(a) When 300.0 milliliters of a solution of 0.200 molar AgNO3 is mixed with 100.0 milliliters of a 0.0500 molar CaCl2 solution, what is the concentration of silver ion after the reaction has gone to completion?

Question

(a) When 300.0 milliliters of a solution of 0.200 molar AgNO3 is mixed with 100.0 milliliters of a 0.0500 molar CaCl2 solution, what is the concentration of silver ion after the reaction has gone to completion?

(b)Write the net cell reaction for a cell formed by placing a silver electrode in the solution remaining from the reaction above and connecting it to a standard hydrogen electrode.

(c)Calculate the voltage of a cell of this type in which the concentration of silver ion is 410-2 M.

(d)Calculate the value of the standard free energy change ∆G˚ for the following half reaction:
Ag+ (1M) + e- ⁄ Ag˚

Answer 1

(a) Oh, chemistry, you really know how to mix things up!
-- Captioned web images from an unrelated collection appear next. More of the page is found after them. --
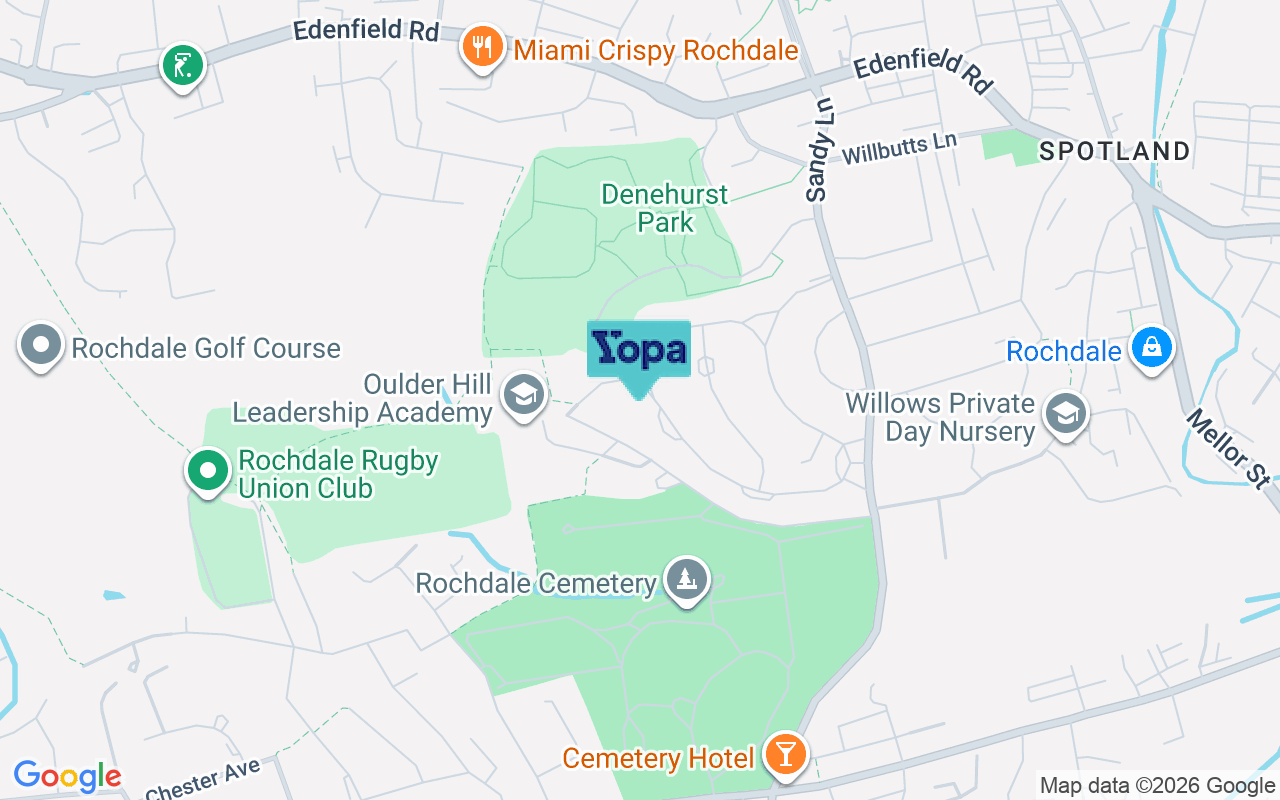 Map showing the location of OL11 5EF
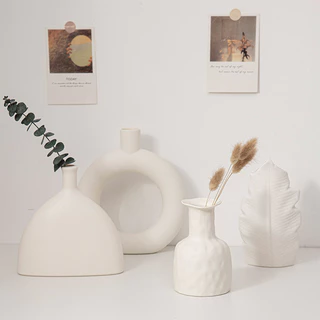 Ins Nordic สไตล ์ แจกัน Creative Minimalist แจกันดอกไม ้ เรือตารางเครื ่ องประดับตกแต ่ งบ ้ าน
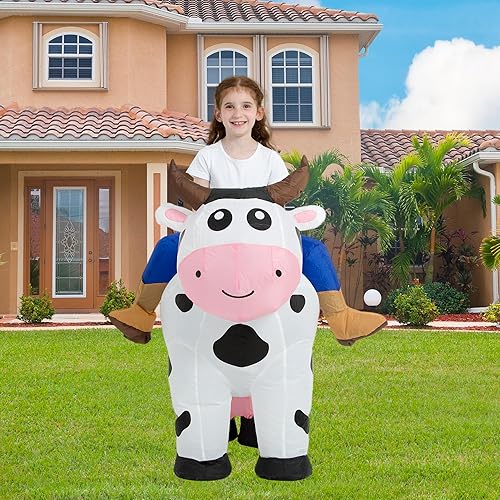 Miniatura 2 de tasanor Disfraces de vaca inflable, disfraces inflables para niños, disfraz de vaca inflable, disfraces de Halloween para niñasniños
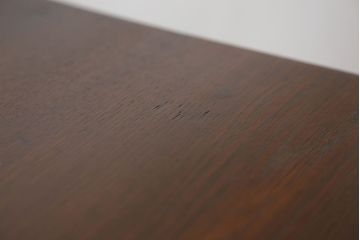 アンティーク家具　アンティーク 古いナラ材の引き出し付きサイドテーブル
So, we have 300.0 ml of 0.200 M AgNO3 and 100.0 ml of 0.0500 M CaCl2. Let's see what happens when we put them together. mixes imaginary beakers Ta-da! After the reaction goes to completion, the concentration of silver ion will be... wait for it... drum roll ... the same as my chances of becoming a Nobel Prize-winning scientist... zero!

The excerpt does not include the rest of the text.